Cruzaron tras él las enormes puertas del castillo y prosiguieron por un amplio corredor, al final del cual el conde abrió una puerta con una llave de bronce.

—Mi estudio privado —declaró modestamente—. Me siento bastante orgulloso de mi colección de libros. Tengo casi dos docenas.

—Formidable —murmuró Sephrenia.

—¿Tal vez os gustaría leer alguno, señora?

—La dama no lee nunca —le explicó Sparhawk—. Es estiria, iniciada en los secretos de su culto, y posee la convicción de que la lectura podría interferir en sus habilidades.

—¿Una bruja? —preguntó el anfitrión mientras observaba a la menuda mujer—. ¿De veras?

—Nosotros preferimos aludir a esas artes con otras palabras, mi señor —replicó dulcemente Sephrenia.

—Dignaos tomar asiento —indicó el conde, al tiempo que señalaba la gran mesa ubicada bajo una mancha de sol invernal que entraba por la ventana, protegida con gruesos barrotes—. Siento curiosidad por enterarme de la naturaleza de ese asunto que habéis mencionado.

—¿Os dice algo el nombre de Annias, primado de Cimmura, mi señor? —preguntó Sparhawk tras desprenderse del yelmo y los guanteletes.

—He oído hablar de él —replicó brevemente con la cara ensombrecida.

—En ese caso, ¿conocéis su reputación?

—Así es.

—Bien. De forma casi accidental, sir Kalten y yo descubrimos un plan urdido por el primado. Por fortuna, Annias no sabe que nosotros tenemos conocimiento de sus intenciones. ¿Habitualmente permitís la entrada a los caballeros de la Iglesia en vuestra morada sin cuestionar su identidad?

—Por supuesto. Venero a la Iglesia y trato honorablemente a sus caballeros.

—Dentro de pocos días, una semana a lo sumo, cabalgará hasta vuestras puertas un numeroso grupo de hombres vestidos con armaduras negras que llevarán los estandartes de los caballeros pandion. Os aconsejo que no los admitáis.

—Pero…

—No serán pandion, mi señor —aclaró Sparhawk, levantando una mano—. Se trata de mercenarios que actúan bajo el mando de un renegado llamado Martel. Si los dejáis entrar, matarán a todo aquel que se halle albergado en estos muros, a excepción de uno o dos eclesiásticos que se ocuparán de ventear la noticia del ultraje.

—¡Monstruoso! —exclamó el conde, boquiabierto—. ¿Qué motivos puede tener el primado para profesarme un odio tan encarnizado?

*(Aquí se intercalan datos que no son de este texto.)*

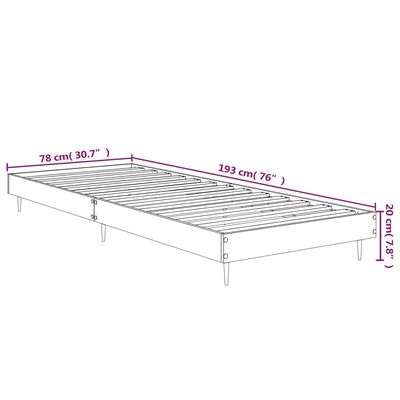 vidaXL Estrutura cama s/ colchão derivados madeira carvalho castanho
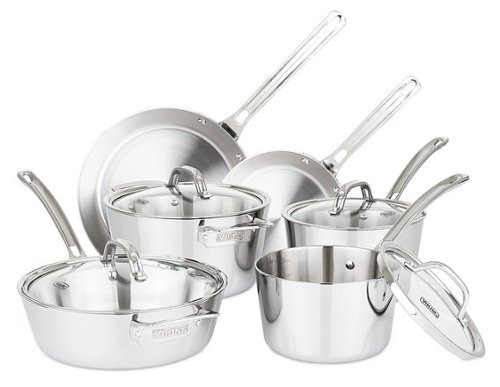 Viking Contemporary 3 Ply 10 Piece Cookware Set- Mirror - Stainless Steel
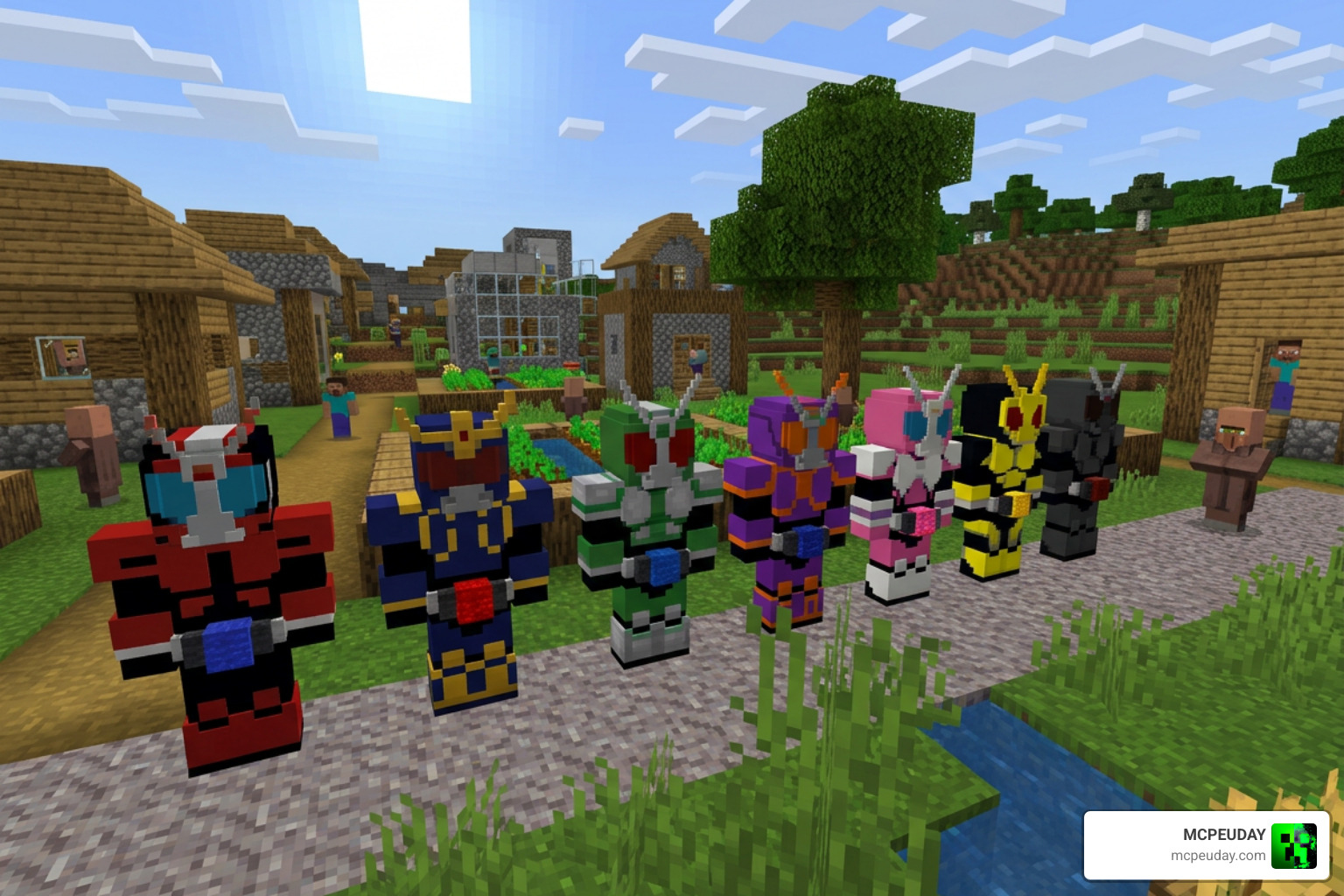Kamen Rider suits lined up in Minecraft Bedrock Kamen Rider suits lined up in Minecraft Bedrock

—El objeto no va dirigido contra vos, conde Radun —le explicó Kalten—. Vuestro asesinato pretende desacreditar a los caballeros pandion. Annias alberga la esperanza de que tal hecho encienda las iras de la jerarquía eclesiástica hasta el punto de obligarnos a disgregar la orden.

—Debo remitir un mensaje a Larium de inmediato —declaró el noble—. Mi sobrino puede enviar un ejército que llegaría aquí en pocos días.

—No será necesario, mi señor —afirmó Sparhawk—. He traído conmigo a quinientos caballeros genuinamente pandion. Se hallan ocultos en los bosques situados al norte de vuestro castillo. Con vuestro permiso, haré entrar a un centenar de ellos en el recinto amurallado para reforzar vuestra guarnición. Cuando aparezcan los mercenarios, dadles cualquier excusa, pero no les franqueéis el paso.

—¿No parecerá extraño? —inquirió Radun—. Tengo fama de ser hospitalario, especialmente con los caballeros de la Iglesia.

—El puente levadizo —insinuó Kalten.

—¿A qué os referís?

—Decidles que el torno que pone en acción el puente levadizo está roto, que habéis encargado a algunos hombres su reparación, y que, por lo tanto, deben tener un poco de paciencia.

—No estoy dispuesto a mentir —objetó rígidamente el conde.

—Eso no constituye ningún problema, mi señor —le aseguró Kalten—. Yo mismo me ocuparé de romper el torno para que vuestra conciencia quede tranquila.